Influence of Ascorbic Acid on the Thermic Effect of Feeding in Overweight and Obese Adult Humans




The thermic effect of feeding (TEF: increase in energy expenditure following acute energy intake) is an important physiological determinant of total daily energy expenditure and thus energy balance. Approximately 40% of TEF is believed to be mediated by sympathoadrenal activation and consequent β-adrenergic receptor stimulation of metabolism. In sedentary adults, acute administration of ascorbic acid, a potent antioxidant, augments the thermogenic response to β-adrenergic stimulation. We hypothesized that acute ascorbic acid administration augments TEF in sedentary overweight and obese adults. Energy expenditure was determined (ventilated hood technique) before and 4 h after consumption of a liquid-mixed meal (caloric equivalent 40% of resting energy expenditure (REE)) in 11 sedentary, overweight/obese adults (5 men, 6 women; age: 24 ± 2 years; BMI: 28.5 ± 1.0 kg/m2 (mean ± s.e.)) on two separate, randomly ordered occasions: during continuous intravenous administration of saline (placebo control) and/or ascorbic acid (0.05 g/kg fat-free mass).

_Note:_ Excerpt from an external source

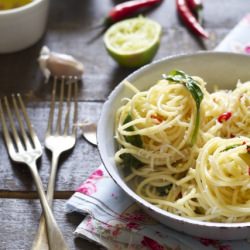 Spaghetti Aglio Olio e Peperoncino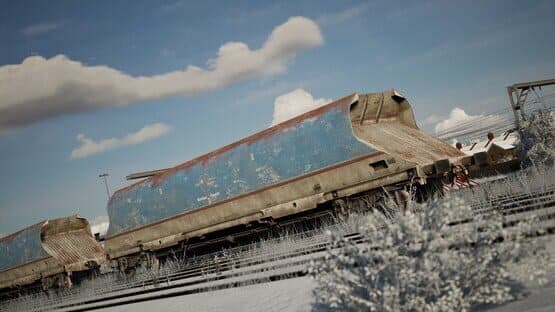 Train Sim World 5: HKA Bogie Hopper Wagon Pack — screenshot 1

Acute ascorbic acid administration prevented the increase in plasma concentration of oxidized low-density lipoprotein in the postprandial state (P = 0.04), but did not influence REE (1,668 ± 107 kcal/day vs.1,684 ± 84 kcal/day; P = 0.91) or the area under the TEF response curve (33.4 ± 2.4 kcal vs. 30.5 ± 3.6 kcal; P = 0.52) (control vs. ascorbic acid, respectively). Furthermore, acute ascorbic acid administration had no effect on respiratory exchange ratio, heart rate, or arterial blood pressure in the pre- and postabsorptive states (all P > 0.64). These data imply that the attenuated TEF commonly observed with sedentary lifestyle and obesity is not modulated by ascorbic acid-sensitive oxidative stress.